To see a full list of local images we can simply run the docker
command with the images
option.
# docker images
REPOSITORY TAG IMAGE ID CREATED VIRTUAL SIZE
nginx latest 9fab4090484a 5 days ago 132.8 MB
Building our own custom image
At this point we have used a few basic Docker commands to start, stop and remove a common pre-built image. In order to "Dockerize" this blog however, we are going to have to build our own Docker image and that means creating a Dockerfile.
With most virtual machine environments if you wish to create an image of a machine you need to first create a new virtual machine, install the OS, install the application and then finally convert it to a template or image. With Docker however, these steps are automated via a Dockerfile. A Dockerfile is a way of providing build instructions to Docker for the creation of a custom image. In this section we are going to build a custom Dockerfile that can be used to deploy this blog.
Understanding the Application
Before we can jump into creating a Dockerfile we first need to understand what is required to deploy this blog.
The blog itself is actually static HTML pages generated by a custom static site generator that I wrote named; hamerkop. The generator is very simple and more about getting the job done for this blog specifically. All the code and source files for this blog are available via a public GitHub repository. In order to deploy this blog we simply need to grab the contents of the GitHub repository, install Python along with some Python modules and execute the hamerkop
application.
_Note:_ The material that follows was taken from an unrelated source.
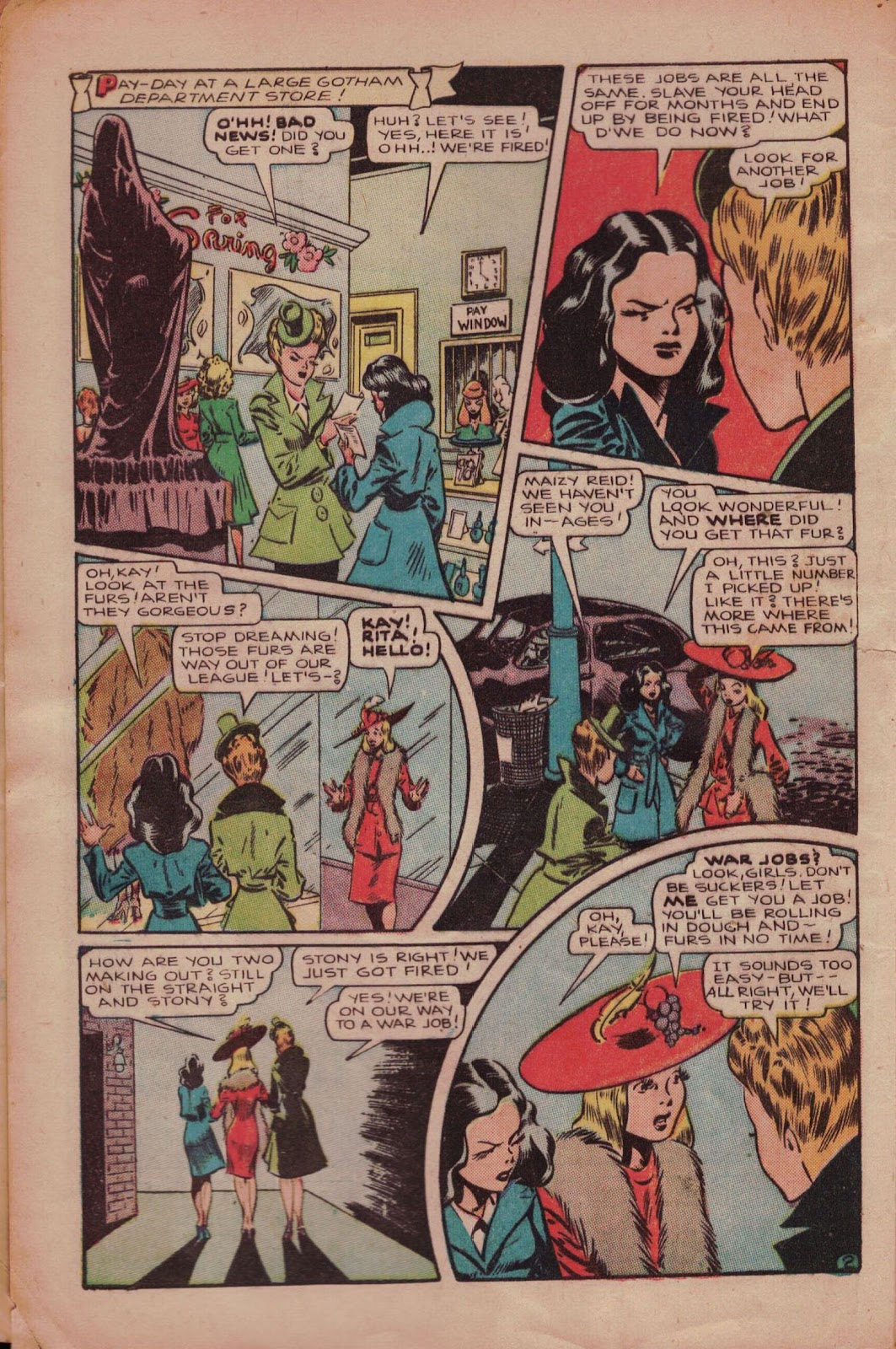 Marvel Mystery Comics (1939) issue 68 - Page 4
To serve the generated content we will use nginx; which means we will also need nginx to be installed.
So far this should be a pretty simple Dockerfile, but it will show us quite a bit of the Dockerfile Syntax. To get started we can clone the GitHub repository and creating a Dockerfile with our favorite editor; vi
in my case.
# git clone https://github.com/madflojo/blog.git
Cloning into 'blog'...
remote: Counting objects: 622, done.
remote: Total 622 (delta 0), reused 0 (delta 0), pack-reused 622
Receiving objects: 100% (622/622), 14.80 MiB | 1.06 MiB/s, done.
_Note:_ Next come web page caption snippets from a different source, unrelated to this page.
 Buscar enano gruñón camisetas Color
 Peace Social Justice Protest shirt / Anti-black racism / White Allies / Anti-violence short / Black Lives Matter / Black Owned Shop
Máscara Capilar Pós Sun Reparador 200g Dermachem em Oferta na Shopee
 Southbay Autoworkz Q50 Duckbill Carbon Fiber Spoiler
Resolving deltas: 100% (242/242), done.
Checking connectivity... done.
# cd blog/
# vi Dockerfile
FROM - Inheriting a Docker image
The first instruction of a Dockerfile is the FROM
instruction. This is used to specify an existing Docker image to use as our base image. This basically provides us with a way to inherit another Docker image. In this case we will be starting with the same nginx image we were using before, if we wanted to start with a blank slate we could use the Ubuntu Docker image by specifying ubuntu:latest
.
## Dockerfile that generates an instance of http://bencane.com
FROM nginx:latest
MAINTAINER Benjamin Cane <ben@bencane.com>
In addition to the FROM
instruction, I also included a MAINTAINER
instruction which is used to show the Author of the Dockerfile.
As Docker supports using #
as a comment marker, I will be using this syntax quite a bit to explain the sections of this Dockerfile.
Running a test build
Since we inherited the nginx Docker image our current Dockerfile also inherited all the instructions within the Dockerfile used to build that nginx image. What this means is even at this point we are able to build a Docker image from this Dockerfile and run a container from that image. The resulting image will essentially be the same as the nginx image but we will run through a build of this Dockerfile now and a few more times as we go to help explain the Docker build process.
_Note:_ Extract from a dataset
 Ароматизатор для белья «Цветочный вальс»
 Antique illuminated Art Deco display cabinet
In order to start the build from a Dockerfile we can simply execute the docker
command with the build option.
# docker build -t blog /root/blog
Sending build context to Docker daemon 23.6 MB
Sending build context to Docker daemon
Step 0 : FROM nginx:latest
---> 9fab4090484a
Step 1 : MAINTAINER Benjamin Cane <ben@bencane.com>
---> Running in c97f36450343
---> 60a44f78d194
Removing intermediate container c97f36450343
Successfully built 60a44f78d194
In the above example I used the -t
(tag) flag to "tag" the image as "blog". This essentially allows us to name the image, without specifying a tag the image would only be callable via an Image ID that Docker assigns. In this case the Image ID is 60a44f78d194
which we can see from the docker
command's build success message.
In addition to the -t
flag, I also specified the directory /root/blog
. This directory is the "build directory", which is the directory that contains the Dockerfile and any other files necessary to build this container.
Now that we have run through a successful build, let's start customizing this image.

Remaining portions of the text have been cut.